Matthew Barney rarely leaves one ambivalent; in fact, it’s hard to think of a living artist quite so polarizing. On the one hand, you have people like New York Times critic Michael Kimmelman declaring Barney “the most important American artist of his generation,” and on the other hand there’s the Village Voice’s Ed Halter using words like “masturbatory,” “ritual self-involvement” and “superficial foofery.” How it is that he is the subject of such a tepid documentary is nearly as much of a mystery as the often convoluted allegory of his art.
The main problem with Alison Chernick’s film, Matthew Barney: No Restraint, which screened last night at the Hirshhorn in the first of three Barney-related events at the museum in the next few months, is that it can’t really settle on what it wants to be. Ostensibly, the movie is a behind-the-scenes look at the making of Barney’s latest piece, Drawing Restraint 9, which played in theatres and galleries earlier this year.

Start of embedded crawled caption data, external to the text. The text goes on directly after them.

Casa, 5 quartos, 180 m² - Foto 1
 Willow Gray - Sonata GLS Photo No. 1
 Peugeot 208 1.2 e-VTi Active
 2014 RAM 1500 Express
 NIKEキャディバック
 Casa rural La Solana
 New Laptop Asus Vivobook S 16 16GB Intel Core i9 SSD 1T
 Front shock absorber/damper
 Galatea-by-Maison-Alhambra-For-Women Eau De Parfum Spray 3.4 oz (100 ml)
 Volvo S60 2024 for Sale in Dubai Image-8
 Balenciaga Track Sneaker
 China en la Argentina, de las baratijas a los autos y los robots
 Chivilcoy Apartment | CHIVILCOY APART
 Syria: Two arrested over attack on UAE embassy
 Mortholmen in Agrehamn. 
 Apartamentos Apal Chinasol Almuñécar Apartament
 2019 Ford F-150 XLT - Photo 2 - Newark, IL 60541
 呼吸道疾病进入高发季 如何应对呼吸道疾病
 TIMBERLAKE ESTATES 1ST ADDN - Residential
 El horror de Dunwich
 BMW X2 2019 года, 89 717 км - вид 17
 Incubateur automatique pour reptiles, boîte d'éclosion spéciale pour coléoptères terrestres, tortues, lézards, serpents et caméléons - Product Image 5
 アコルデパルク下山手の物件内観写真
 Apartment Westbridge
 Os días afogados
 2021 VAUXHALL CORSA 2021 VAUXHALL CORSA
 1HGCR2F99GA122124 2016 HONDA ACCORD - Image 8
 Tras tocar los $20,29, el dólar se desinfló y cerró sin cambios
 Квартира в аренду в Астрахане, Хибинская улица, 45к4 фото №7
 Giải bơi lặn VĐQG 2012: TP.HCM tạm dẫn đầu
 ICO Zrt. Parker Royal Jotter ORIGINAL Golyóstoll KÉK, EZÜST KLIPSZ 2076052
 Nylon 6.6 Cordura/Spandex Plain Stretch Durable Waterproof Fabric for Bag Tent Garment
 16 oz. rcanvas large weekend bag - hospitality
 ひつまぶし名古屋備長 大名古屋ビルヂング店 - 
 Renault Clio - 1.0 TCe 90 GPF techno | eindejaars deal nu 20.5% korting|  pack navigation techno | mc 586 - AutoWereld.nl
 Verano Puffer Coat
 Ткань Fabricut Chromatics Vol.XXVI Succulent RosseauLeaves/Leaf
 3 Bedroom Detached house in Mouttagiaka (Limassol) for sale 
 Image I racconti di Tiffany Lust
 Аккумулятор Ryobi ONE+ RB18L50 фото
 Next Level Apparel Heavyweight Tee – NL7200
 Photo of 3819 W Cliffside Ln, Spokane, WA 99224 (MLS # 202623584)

The documentary opens on the Japanese whaling ship, the Nisshin Maru, where most of DR9 was filmed. We then flash back to half a year earlier, as Barney does a test run of the molding process he’ll later use on the ship to create a sculpture with 45,000 pounds of his medium of choice, petroleum jelly. Returning to the deck of the ship, Barney is introduced to a thoroughly confused-looking bunch of sailors who are to assist him in making his film while they are at sea. Through much of the first half, Chernick jumps from this setting to a brief history of Barney’s rise to prominence as an artist. But for a documentary about the making of this one film, too much time is spent discussing his biography, and as a result, neither subject is addressed satisfyingly in the brief 71 minute running time. The end result amounts to little more than a promotional device for Barney and his film, or a special feature for the DVD release.